Jo Carney's essay on Desdemona, Toni Morrison's radical rereading of Othello, the product of a collaboration with director Peter Sellars and singer-songwriter Rokia Traoré, reveals how Morrison similarly recuperates the character of Desdemona, damned by Othello as a whore, by shifting the focus to her girlhood. Ever since Sula and The Bluest Eye, Morrison's work has narrated the worlds and experiences of girl characters and has used Shakespeare as an ongoing counterpoint to her own fictions. In Desdemona, Morrison sets out the tension between social expectations of demure comportment and an approved marriage, and the sense of freedom Desdemona enjoys to play in the pond, or to imagine herself as a swan. With her North African maid, Barbary, enabling these acts of girlish wildness and imagination, Desdemona is primed and ready to listen to Othello's tales of adventure. As Desdemona's girlhood, here, is reconstructed not only retrospectively, as an adaptation of Othello, but also from beyond the grave, Desdemona's posthumous freedom enables the recovery of her own lost girlhood.
My own essay on the lost girlhoods of The Tempest concerns the afterlives of Miranda and Ariel on stage and film. A crucial aspect of Miranda's girlhood, I argue, is lost to a longstanding editorial and theatrical tradition that refuses to accept her talking back to Caliban, while the two-hundred-year-long history of casting a girl as Ariel is often dismissed as an outmoded and déclassé theatrical convention. In marked contrast to these suppressions of Prospero's girls, Restoration adaptations of The Tempest added girl after girl to Prospero's island, reflecting the play's overarching concern with girls and girlhood, as it charts the path to Miranda's marriage and Ariel's freedom — domestic reality and girlhood wish.

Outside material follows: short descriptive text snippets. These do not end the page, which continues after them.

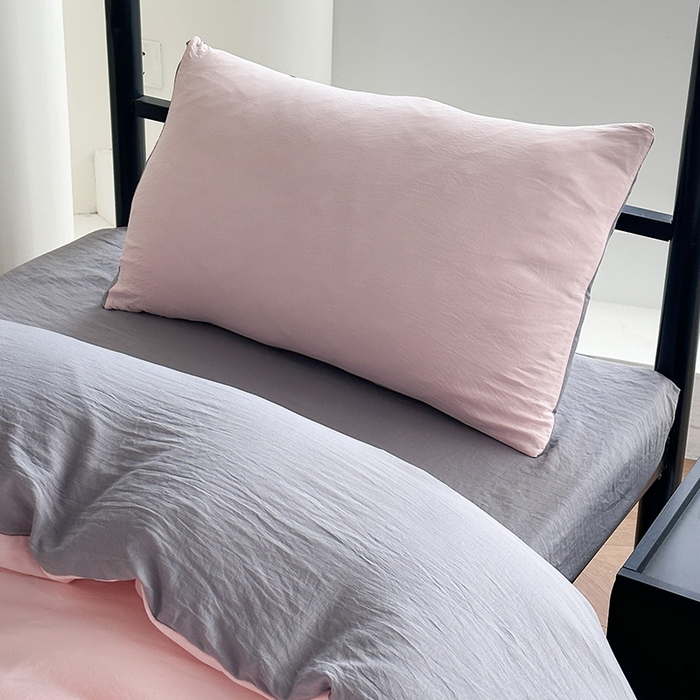 91家纺网 家纺一手货源 找家纺 南通菲度家纺 2025新款超柔皱皱水洗棉学生宿舍四件套 浅粉灰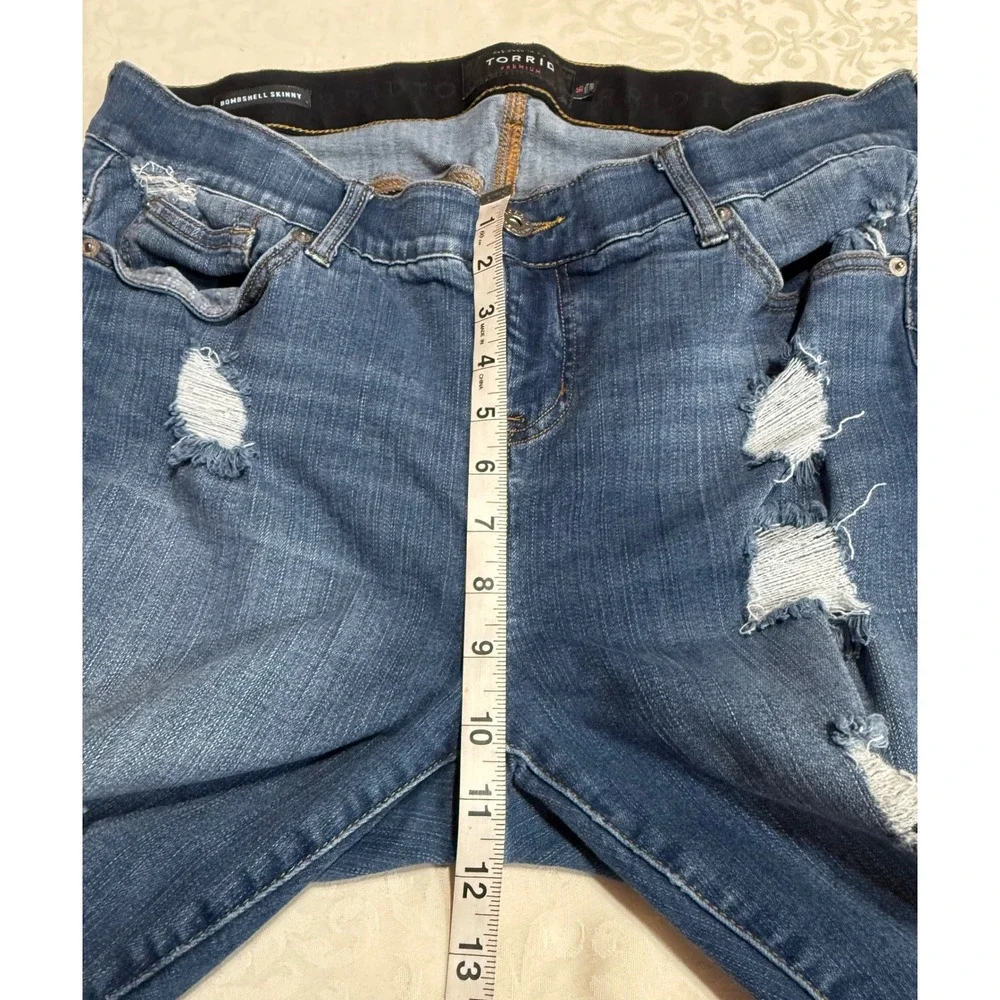 Torrid Bombshell Skinny Jeans Womens 16 Blue Distressed Ripped Cropped Denim - Picture 8 of 10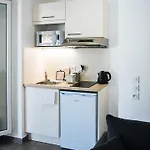 Hotel Twenty Business Flats Angely 3*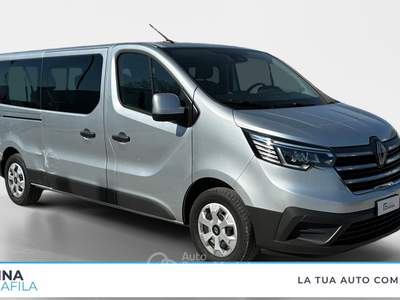 Renault Trafic  -  2.0 blue dci 150cv l2 authentic Grigio usata Marcianise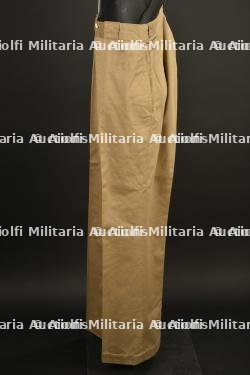 Tenue du service de santé infanterie coloniale — miniature 3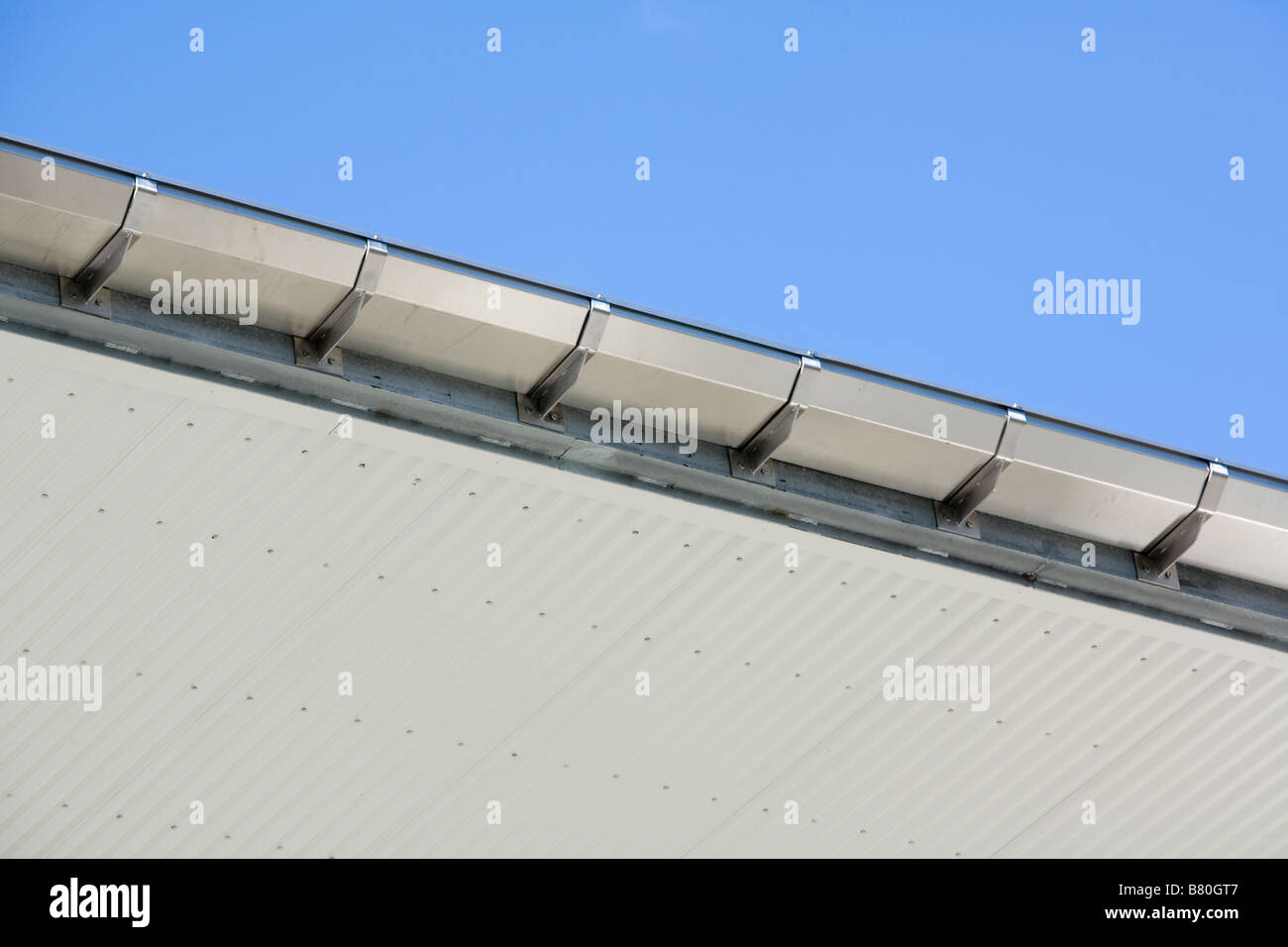 Gouttière de toit Banque D'Images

The three essays in the final group all focus on Ophelia, Shakespeare's paradigmatic girl-as-innocent-victim. Polonius calls her a "green girl, /Unsifted in such perilous circumstance," and Ophelia's afterlife, from the Jailer's Daughter in Two Noble Kinsmen to the performances of Kate Winslet and Julia Stiles, via John Everett Millais and countless nineteenth-century paintings, shaped representations of female madness, as Elaine Showalter has argued. They also inform more contemporary understandings of teen-girl anguish, as Mary Pipher's well-known Reviving Ophelia. The Tiqqun collective, "Raw Materials for the Theory of a Young-Girl," which links the fetish for girlhood in contemporary commodity culture with the triumph of capitalism and the decline of the women's movement, opens with Hamlet's devastating works to Ophelia: "I did love you once." But Natalia Khomenko's essay on Soviet representations of Ophelia offers a startlingly different take on Ophelia as a corrupt and untrustworthy villain. What, in the West, serves as confirmation of her innocent girlhood is transformed, in the Soviet context, into evidence of moral decadence and bourgeois indulgence. This allows for the celebration of Hamlet as a political revolutionary, but it also takes Ophelia quite seriously as a villain. As Khomenko demonstrates, this vilification of Ophelia, however unfair it seems, provides feminist authors post-1991 with a rich opportunity to reclaim and remodel — dare we say revive? — this long-maligned heroine.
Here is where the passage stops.